Public hearings on three ordinances in Soldotna should help the city plan its policy on commercial marijuana usage within city limits.

Soldotna Mayor Pete Sprague introduced an ordinance establishing the city as a local regulatory authority; member Regina Daniels proposed a moratorium on commercial marijuana sales within city limits and Keith Baxter proposed regulating commercial marijuana by limiting the number of retail outlets in the city and putting restrictions on cultivation and manufacturing.

The city must establish itself as a local regulatory authority to receive a portion of the fees charged by the state to businesses involved in marijuana commerce. Daniels’ moratorium, if enacted, would last for two years and would allow no marijuana business within the city before Jan. 1, 2018, according to the ordinance.

Baxter’s ordinance would allow no more than three retail marijuana stores within the city limits and would allow one marijuana growing facility and one manufacturing facility. Both would have to be located on the same premises as a retail marijuana store. There would be no limit on the number of marijuana testing facilities within the city under Baxter’s ordinance.

“This ordinance does not endorse or encourage the recreational use of marijuana. This ordinance is intended to enact prudent restrictions on the number and type of marijuana-related businesses within our city limits in order to both respect free enterprise and protect the character of our community,” Baxter wrote in his memo to the city.

At least one council member was displeased to see competing ordinances on the agenda and she, in part, blamed the city’s administration.

Linda Murphy asked City Manager Mark Dixson why the ordinances — which were drafted in September — had not been sent out to council members per their request during a special session.

“I just found out that you’d had them for well over a month, but the council was not made aware of them,” Murphy said during the council’s Tuesday meeting.

Dixson apologized to Murphy.

“It wasn’t that I was trying to hide them or keep them or keep the subject matter internally. I probably should have sent them out, but quite frankly I was working on a bunch of other things. I guess that wasn’t at the top of my list of things to do and I just kind of set it aside,” Dixson said. “In the future, when I get things like that, I will disseminate them.”

After the meeting, Murphy said the council had requested the ordinances from the city’s attorney and she assumed that the body had not received them yet.

But she said she then learned city administrators had the ordinances and sent one of them to one council member but did not distribute the others.

“It shouldn’t be typical,” she said. “The council requested them, we should have received them as soon as he received them.”

Murphy said she believed it was confusing to have contradictory ordinances on the agenda and believed that council members could have held another work session or have a discussion at a council meeting to work on some of their differences.

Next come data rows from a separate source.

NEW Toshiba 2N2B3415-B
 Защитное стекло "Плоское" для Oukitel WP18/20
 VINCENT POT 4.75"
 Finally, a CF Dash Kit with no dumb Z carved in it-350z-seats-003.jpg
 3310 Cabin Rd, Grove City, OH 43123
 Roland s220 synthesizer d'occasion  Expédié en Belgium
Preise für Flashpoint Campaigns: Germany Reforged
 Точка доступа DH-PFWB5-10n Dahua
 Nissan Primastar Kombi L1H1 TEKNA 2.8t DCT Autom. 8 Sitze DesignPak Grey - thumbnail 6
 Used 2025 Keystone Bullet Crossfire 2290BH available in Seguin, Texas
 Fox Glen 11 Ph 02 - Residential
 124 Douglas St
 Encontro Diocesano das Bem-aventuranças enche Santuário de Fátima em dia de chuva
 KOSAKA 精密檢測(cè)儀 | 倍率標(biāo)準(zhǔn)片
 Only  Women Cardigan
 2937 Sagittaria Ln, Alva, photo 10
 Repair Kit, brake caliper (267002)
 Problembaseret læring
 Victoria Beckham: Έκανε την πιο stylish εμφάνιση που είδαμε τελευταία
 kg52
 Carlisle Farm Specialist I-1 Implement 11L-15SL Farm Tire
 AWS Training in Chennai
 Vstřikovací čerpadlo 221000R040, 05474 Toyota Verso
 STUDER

“I don’t think (the ordinances) would have come forward at the same meeting,” Murphy said.

Dixson and City Planner Stephanie Queen said the ordinances had been held by city administration because they were not complete.

Queen said the city had planned to take whatever ordinance the attorney drafted and send it through a public hearing at the Planning and Zoning Commission before bringing it back to the city council.

“When we got the draft ordinances … it had nothing touching the zoning code. Neither one did. If we’re going to allow commercial marijuana, we’re going to have to change the zoning,” Queen said. “Internally, we had a conversation with (the city attorney) and said, ‘Here’s the extra things that also need to be dealt with.’”

Queen said typically the city council allows ordinances that contain zoning language to go through planning and zoning before they’re heard at the council, though that is not a formal policy.

Zoning language has not yet been added to any of the city’s marijuana ordinances, as Queen said administrators are now in “wait-and-see mode” to determine if council will ban commercial marijuana within city limits outright.

“If that ordinance … ends up passing, we won’t need to schedule any meetings. It’s not allowed and we don’t need to fix zoning code to allow it,” she said.